What are unrecoverable costs? If you’re renting, they’re self-explanatory: your monthly rent is an unrecoverable cost. The money spent does provide you with a place to live, but it won’t help you own an asset as homeownership does. Also, the cases in which it can be used to improve your credit score are still rare, and they largely depend on whether your landlord will report those payments to a credit bureau.
In the case of homeownership, unrecoverable costs do not consist of mortgage payments. This is where the 5% rule comes in, highlighting three types of costs and their estimates, as follows:
- Property tax, estimated at 1% of the home value;
- Yearly maintenance costs, also estimated at 1% of the property value;
- Cost of capital, or the mortgage interest rate, estimated at 3%.
When you add them up, these unrecoverable costs can add 5% of your home value to your yearly expenses.

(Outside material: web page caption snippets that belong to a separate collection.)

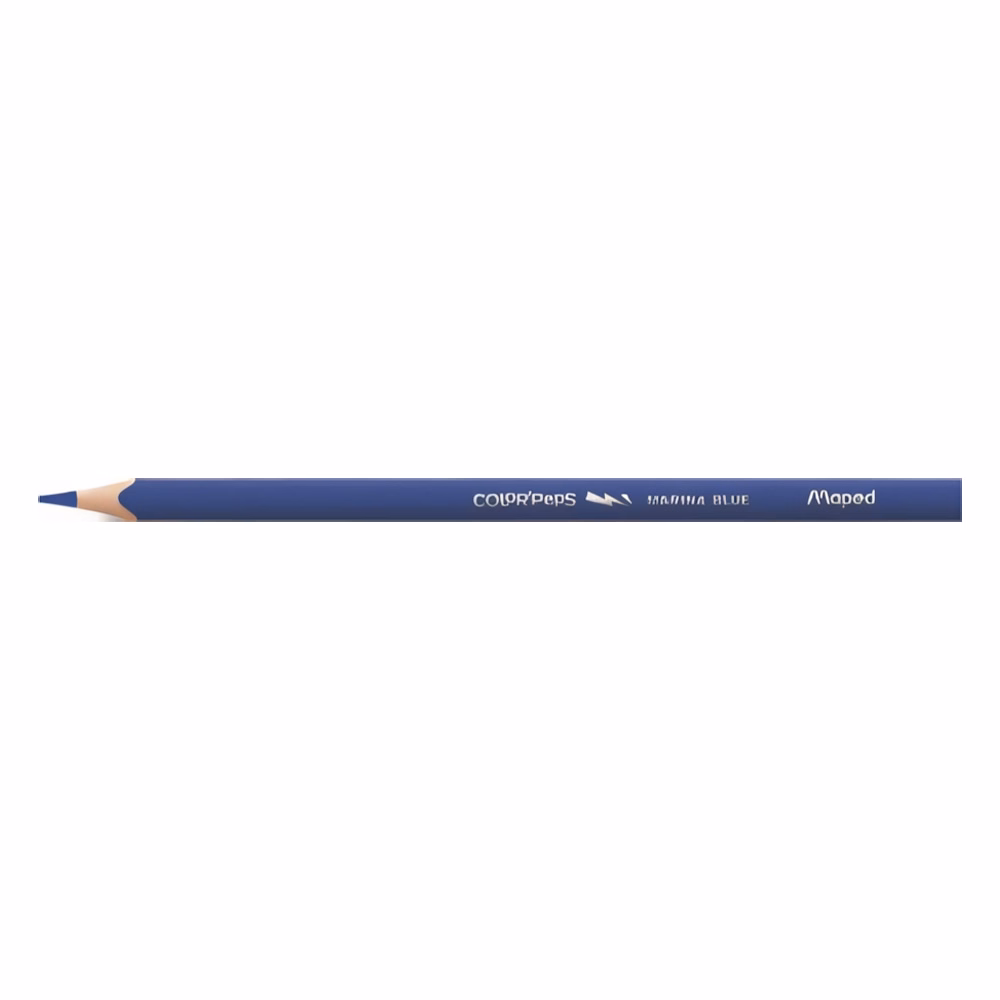 Színes ceruza MAPED Color Peps Strong háromszögletű 12 darabos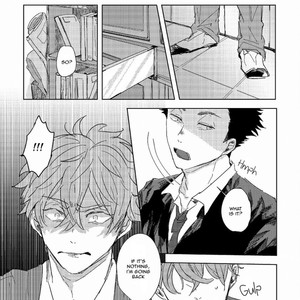 [KUKI Wakame] Nigireba Kobushi Hirakeba Tenohira [Eng] – Gay Manga sex 28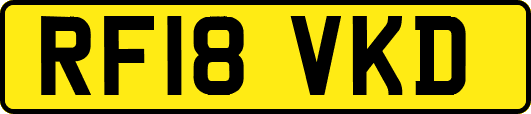 RF18VKD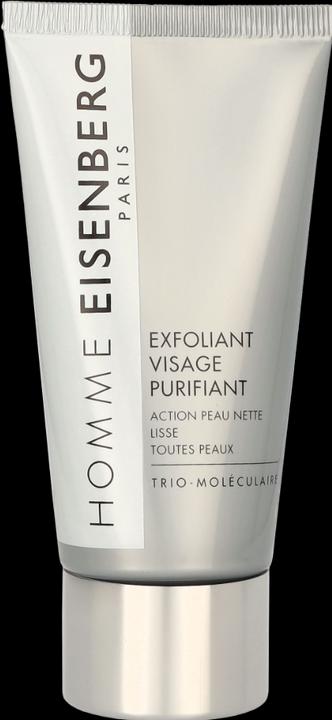 Eisenberg Homme Exfoliant Visage Purifiant (Reinigungstücher, 75 ml)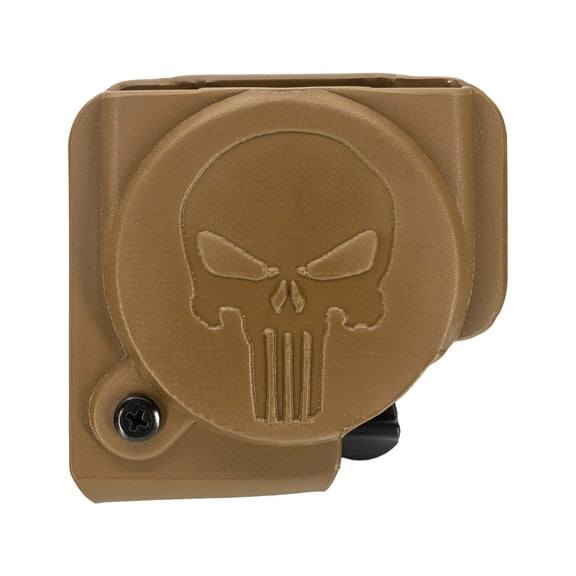 TRYBE Punisher Dip Can Pouch, Coyote Tan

Admittedly, maintenance can be considered a recoverable cost, as it can increase your home value through renovations and upgrades. However, renters looking to buy should factor in the cost of property tax and interest rates into their budget, as they can easily bulk up expenses by thousands of dollars each year.
How Can It Help You Decide?
The easiest way to look at the practical applications of the 5% rule is by using this simple formula: multiply the value of a property by 5%, then divide the number by 12. The result is a monthly break-even point, which could help you decide which is a better financial choice: buying or renting.
Let’s assume that you’re looking to buy a home in Canada, and the average price you’re looking at is around $680,000. Using the 5% rule, your break-even point is at $2,833 each month. This means that if you can find a rental that charges less than that, renting would make more sense. But if you’re paying more than $2,833 on rent, you might be better off buying a home instead.
One thing worth keeping in mind is that the yearly 1% set aside for maintenance is a bit ambitious. True, it is advisable to have that money set aside in case of emergency repairs. Yet, it’s unlikely that you will spend thousands of dollars on renovations and upgrades each year. So you can drop that 1% if you need to negotiate a bit of wiggle room in your budget.
Although the 5% rule can be seen as an oversimplification, it is helpful in giving you a wider perspective over the buying vs. renting conundrum. It is easy to base your decision just on finding a mortgage that’s cheaper than your current rent. The caveat is that this excludes not just hidden costs but also non-recoverable costs, which do not help you build equity.
Can You Use the 5% Rule on the U.S. Market?
It’s best to note that the 5% rule was formulated with the Canadian real estate market in mind. However, the figures are largely similar, especially when it comes to property taxes and mortgage interest rates. So, in theory, the rule can be applied to the U.S. market as well.
Like any mortgage calculator, the 5% rule cannot predict fluctuations in interest rates, taxes or property value. What it can do is give you a sense of perspective when it comes to the financial feasibility of homeownership. Depending on where you live, the 5% rule might even reveal that renting is cheaper than buying.
And speaking of the magical number 5, don’t forget about ‘the 5-year rule’. In most cases, it is advised that you should live in your home or use it as a primary residence for five years before selling it. The longer you live in your home, the more time you have to cushion your initial investment.
As helpful as the 5% rule is when it comes to helping you decide whether to rent or buy, your long-term plans should have just as big an impact on your decision.
This article is intended for informational purposes only and should not be deemed as legal, financial or investment advice or solicitation of any kind. Before purchasing real estate or insurance, always consult with a licensed attorney, financial advisor, insurance agent and real estate broker.